Review: The Life and Times – Doppelgängers EP

It’s a low-lit bar. The band takes the scene, as the uninterested saps and boozehounds keep hammerin’ down national beer and watered-down bourbon. The three bearded gents tune the instruments, check the cabling, and do a mic check. Nobody cares.

It’s a non-smoking dive bar which saw its best days in the seventies, peaking the week before the oil crisis. Still, tar and nicotine still emanate from the wooden walls that saw better days, halcyon times when disco was king and “real rock and roll” died in a mountain of cheap angel dust. The dusty, burnt Coors neon sign trembles when the band does a quick level check. It’s bass and drum heavy, with guitars performing more as an incense candle than a shot of adrenaline. They look happy with the levels, as no instrument, not even the voice, supercedes the other’s dominance in the mix.

“Play something we know”, a gravelly voice yells from the back, warbling at the end.

The singer smirks, a salt and pepper five o’clock shadow surrounding his mouth. He whispers “for you” and nods to the bass player. Once the first bass note hits, the entire place shakes and the lights go so bright, everyone needs to close their eyes. Once opened, the room is decorated in pastels, everyone is wearing the clothes they wore in their teens. For those 7 minutes, the band knew the secrets that the audience kept, because they could hear them on their sleep. And they were like Teenage Dream, full of pop bliss, cotton candy clouds and castles with rainbow arches.

“What in tarnation happened?” the people muttered once the band stopped singing about talking in dreams. No answers, but the lights went off and blinked with a cycle of handclaps. A lamentation about a ‘Boy with a coin’ followed, with the handclaps changing pace when they needed to. The room when silent until the roar of a motorcycle swooshed by. A fierce song about tattooed rapists, contradicting the terrible ordeal with an upbeat mood. The audience is now feeling a vertiginous surge of energy, one that they’ve never felt before. They stand up, as if revering what is now a display of fantastic drumming. They hear that ‘The King is half undressed’ and they give in to the energy. But, alas, the king’s reign does not last. It was good to be a king, but the wildflowers that sprung on the wall wither by the passage of time. Such heartbreakin’ notes in this lamentation.
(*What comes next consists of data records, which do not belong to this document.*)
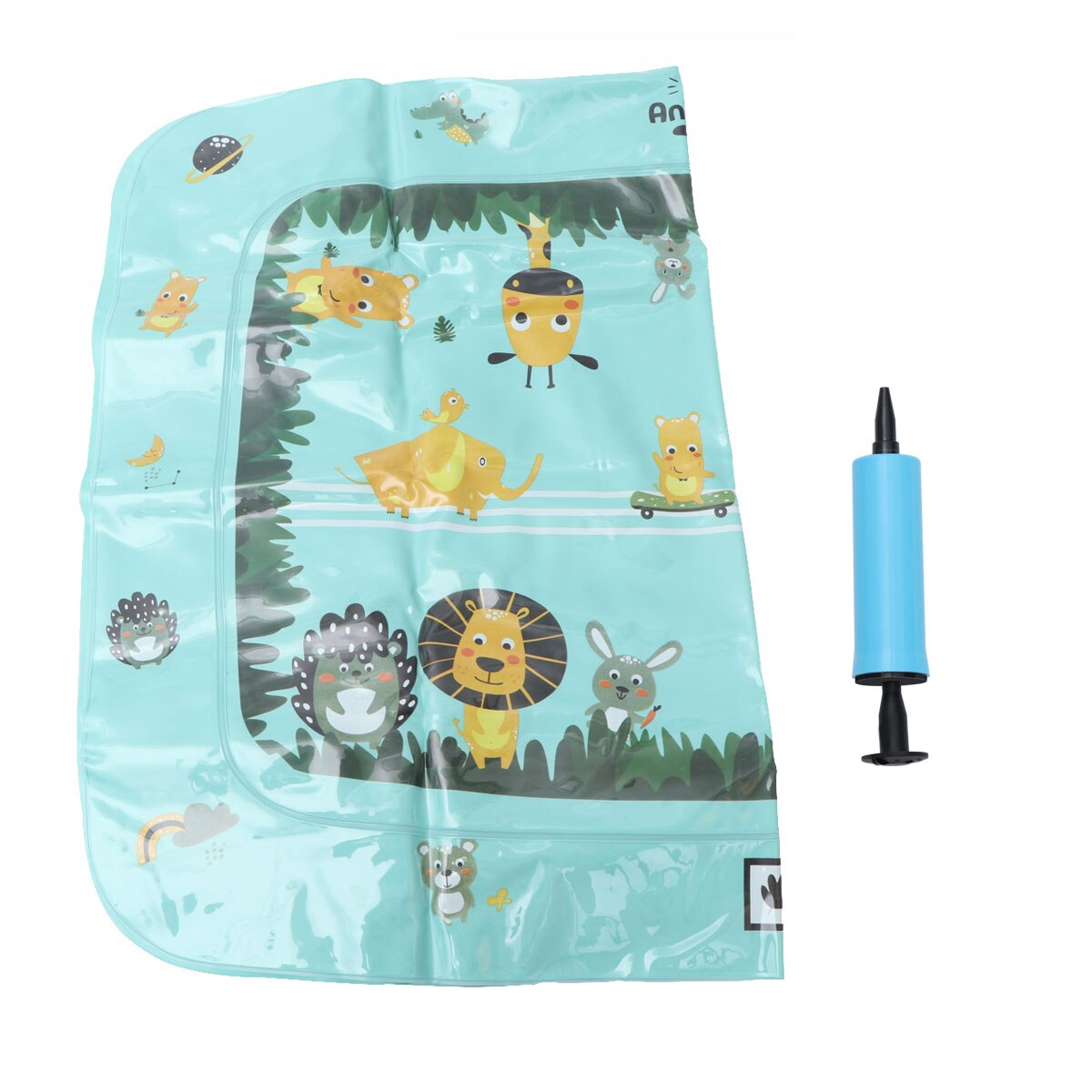 1 Set Van Opblaasbare Water Pad Cartoon Zomer Klopte Pad Swatting Kussen Voor Baby Peuters Met Inflator: type A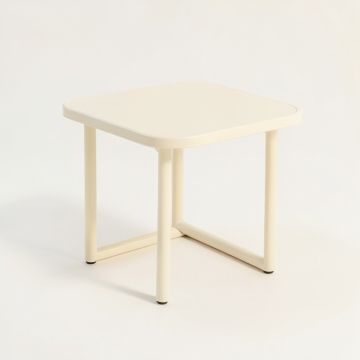 Hazel Crossing Compact Balcony Table - Cream (synthetic illustration; no displayed measurements)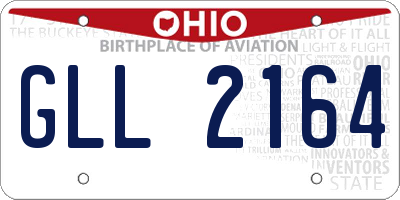 OH license plate GLL2164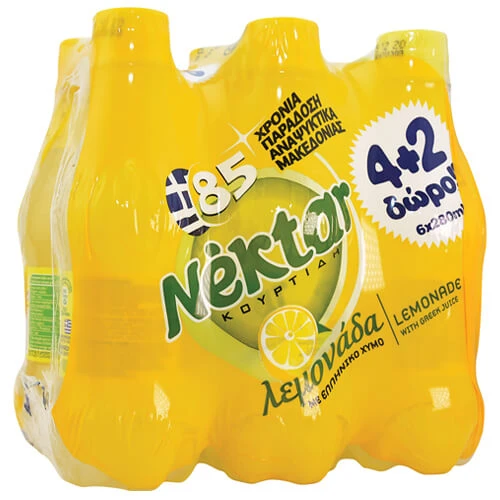Αναψυκτικό Λεμονάδα NEKTAR 280ml (4+2 ΔΩΡΟ)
The audience feels now energized. They start singing along, claiming that nobody does it better. A lonely photograph of Carly Simon shines over the bar and as the notes increase in its numerousness, the song climaxes and everything goes dark. The bar is now again low-lit, with the distant notes of 90s alt-rock in the distance. The band vanished and the barman stumbles carefully to the stage. He grabs a piece of paper and it reads: The Romantics. Jellyfish. Katy Perry. Iron & Wine. The Pretenders. Tom Petty & The Heartbreakers. Carly Simon. Hear them. Praise them. The band were never seen again in that bar, but a newfound love for the classics, modern and of old, breathed life into the once dead dive bar.